Até aqui eu descrevo situações corriqueiras de mulheres cis, mas podemos sim fazer um recorte de classe e etnia, já que sabemos que as demandas de mulheres negras e de classes tidas como menos favorecidas, no que diz respeito à violência do discurso de maternidade, serão outras, muito mais específicas. Muitas crianças dessas mães não terão acesso ao jogo da vida, mas a viverão em seus dias e noites através de violência e até ludicidade e resistência.
Mas as opressões da maternidade não só respigam nessas outras mulheres. Sabemos que, por exemplo, esse é um discurso muito acionado, inclusive por mulheres cis, para deslegitimar o gênero de mulheres trans. Se não tem útero, não pode reproduzir, se não pode reproduzir, não pode ser mulher. Ora, ora… logo mulheres ativistas pelo direito ao uso do corpo, logo mulheres que precisam ir pra rua para dizer que não terão filhos porque simplesmente não querem ter se articulam no intuito de fazer esforços para utilizar justamente de argumentos que lhe desqualificam para se achar no direito de se apropriar da categoria mulher e determinar que as mulheres trans são ou não “de verdade”. No mínimo incoerente.

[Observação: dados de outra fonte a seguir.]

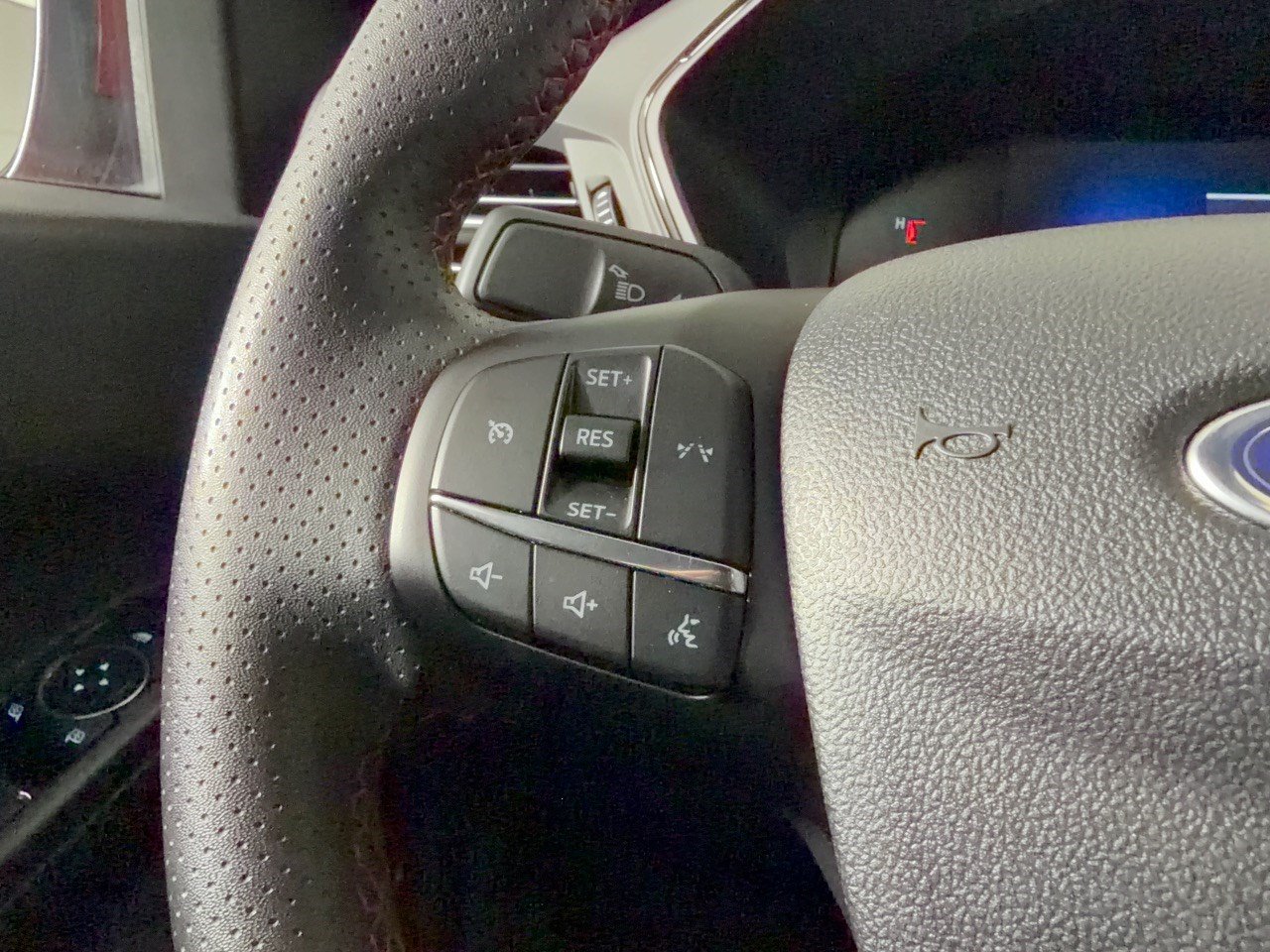 Used 2025 Ford Escape ST-Line Select AWD/4WD image 18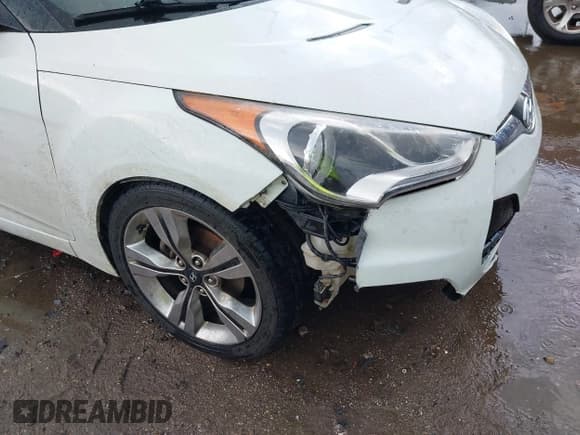 ✅ 2012 Hyundai Veloster w/Red Int • VIN: KMHTC6AD2CU030473 • Lot: 42591250. Wystawiony na IAAI z przebiegiem Nie podano. Bezpłatny archiwum sprzedaży aukcyjnych z USA i szczegółowy raport historii pojazdu na DreamBid. Zdjęcie 6.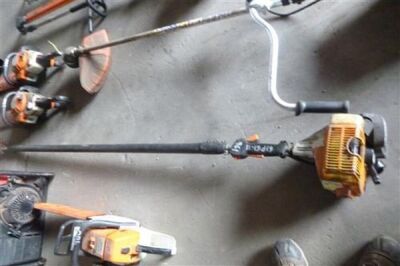 Stihl HT75 Long Reach Chain Pole Saw - 2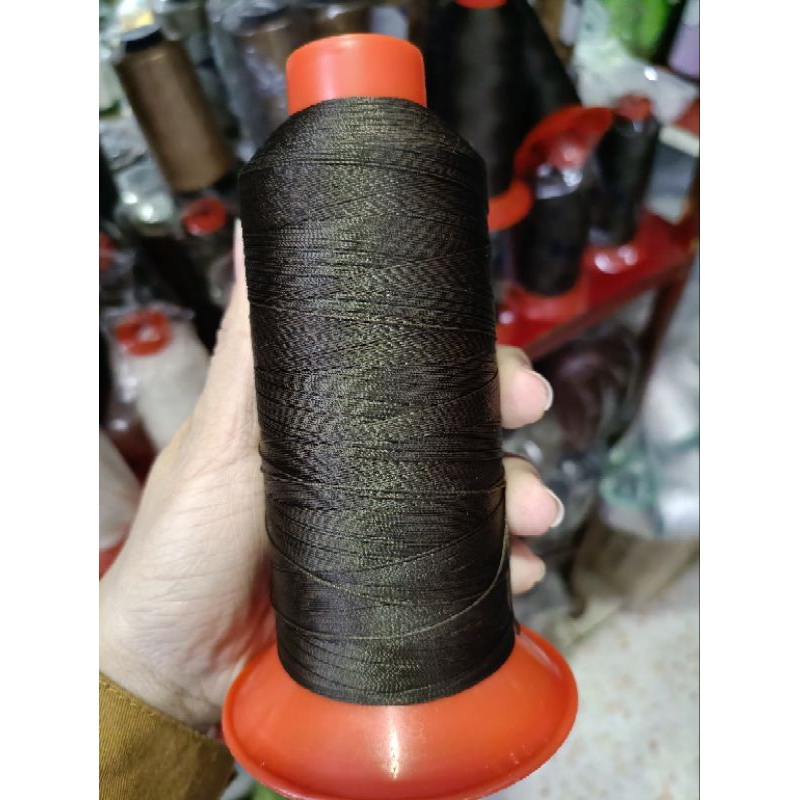 ลดราคา🔥ด้ายไนล่อน Nylon เย็บหนังเบาะ เบอร์ 30 สีน้ำตาลดำ พร้อมส่ง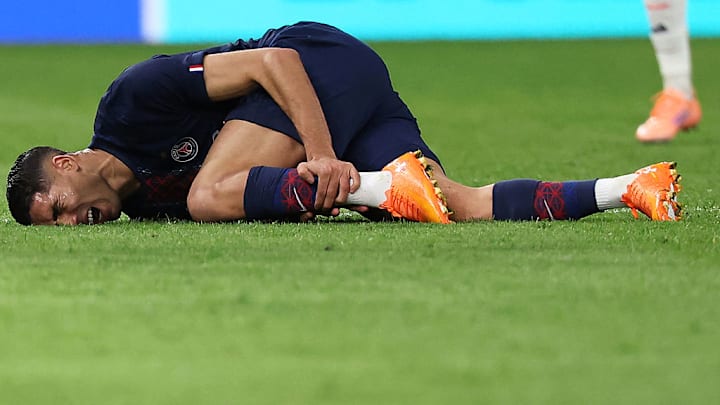 TOPSHOT-FBL-EUR-C1-PSG-BAYERN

Os homens trans, então, têm o direito de reprodução deslegitimado completamente pelo discurso hegemônico da maternidade. Homem engravidar, numa sociedade em que a maternidade é mais um instrumento de garantia de poder masculino, é um afronta. É como se esses homens estivessem negando todo poder que “naturalmente” lhes foi dado.
Os desdobramentos não param por aqui, podemos falar de como a paternidade, não por acaso, se torna uma vivência muitas vezes silenciada, seja em suas conquistas e direitos como em seus privilégios ‘naturais’. Sobre isso caberia escrever outro texto.
O que eu quero com esse texto não é me colocar contra a maternidade, isso seria insano. O meu esforço é, mais uma vez, me colocar contra a imposição de um modo de vida. É desconstruir a tese de que só há felicidade na maternidade. Que uma mulher só será completa se for mãe. Isso é mentira. Muitas pessoas, por escolha ou falta de escolha, não são mães e resignificam isso, ocupam suas vidas com outras prioridades, trabalham de outras formas suas afetividades e constroem suas famílias em moldes outros. O que eu trago aqui é a forma como o machismo se apropria da maternidade para promover violência, exclusão em corpos e subjetividades que transitam por desejos outros que não o de procriar.
O importante é salientar mais uma forma de estruturação de gênero, que é cruel, e denunciar que, no jogo da vida, as paradas podem parecer obrigatórias, mas há várias linhas de fuga. Porém, o risco é constante e esse texto também é sobre João Antonio Donati, assassinado cruelmente, e é também sobre a morte diária de travestis e pessoas trans* que são assassinadas por não seguir uma das normativas básicas do jogo da vida.